This series is far from new, and in fact I've collected copies of a few because other folks have told me they're excellent. But for whatever reason (mostly too many other books on my to-read list), I didn't open one till now. And it took only a handful of chapters to convince me this won't be my last. And if you're a fan of C.J. Box's park ranger Joe Pickett or Steve Hamilton's Alex McKnight as I am, I'm pretty sure you'll love this as well.
It's the first in the author's series featuring former Chicago cop Corcoran "Cork" O'Connor, who moved to remote Aurora, Minnesota, with his wife and three kids. He's part Irish and part Anishiaabe Indian, and Aurora, near Iron Lake, is at the heart of the reservation that includes a wildly successful casino. Cork now is dealing with a soon-to-be ex-wife (a local attorney who mainly represents tribal issues) and the loss of his job as town sheriff. He's moved out of the family home to a place that doubles as a not-fancy gift shop and restaurant. He's also unofficially dating Molly, a local waitress, with mixed feelings about it because he hasn't given up on getting back together with his wife.

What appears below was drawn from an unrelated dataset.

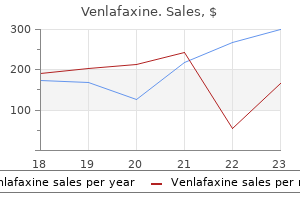 purchase 150 mg venlafaxine with visa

But then, a prominent but very unlikable judge apparently commits suicide, and a young boy who might have information goes missing. An old Indian claims a Windingo - an unseen spirit that supposedly calls out the names of its victims - is behind it all. Cork basically dismisses that idea, though given his Indian background, not completely. In fact, he sets out to prove that the judge was murdered, putting his own life (and the lives of the people he loves) in danger.

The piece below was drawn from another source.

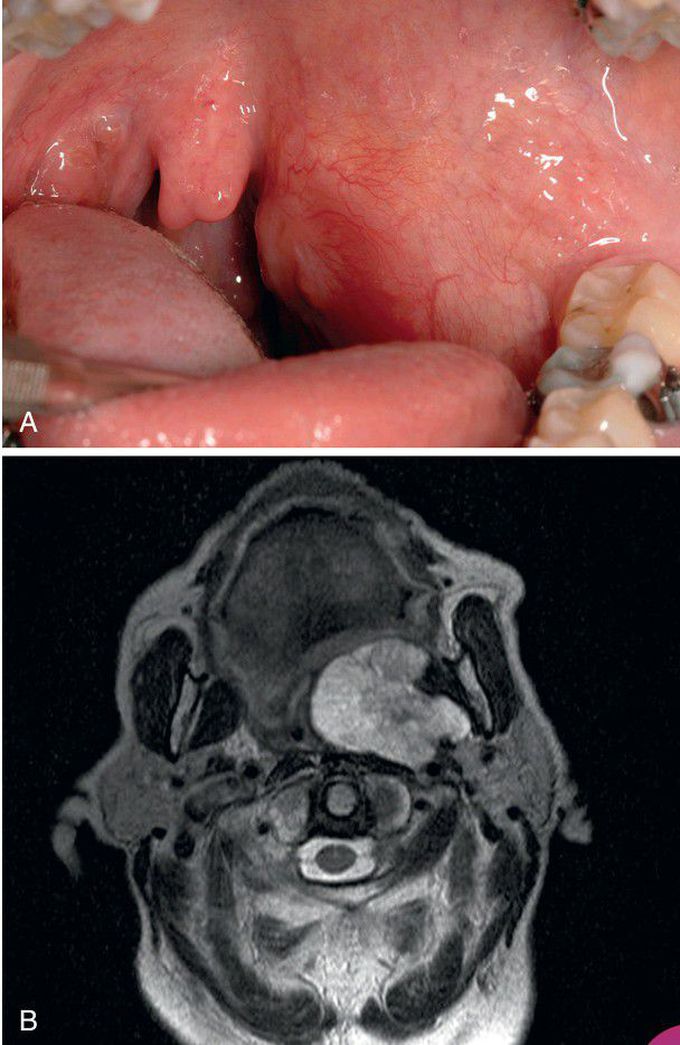 Pleomorphic Adenoma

There's no shortage of action here, and the cultural information on the Anishinaabe and Ojibwe tribes really adds spice to the story. I can't say I was happy with everything that happened, but it all works and convinced me that this is a series well worth reading. Now my only question is, what took me so long? Answer: I don't know, but for sure I won't waste any time getting to the next one!
Iron Lake by William Kent Krueger (Atria, August 1998; reprint June 2009); 352 pp.)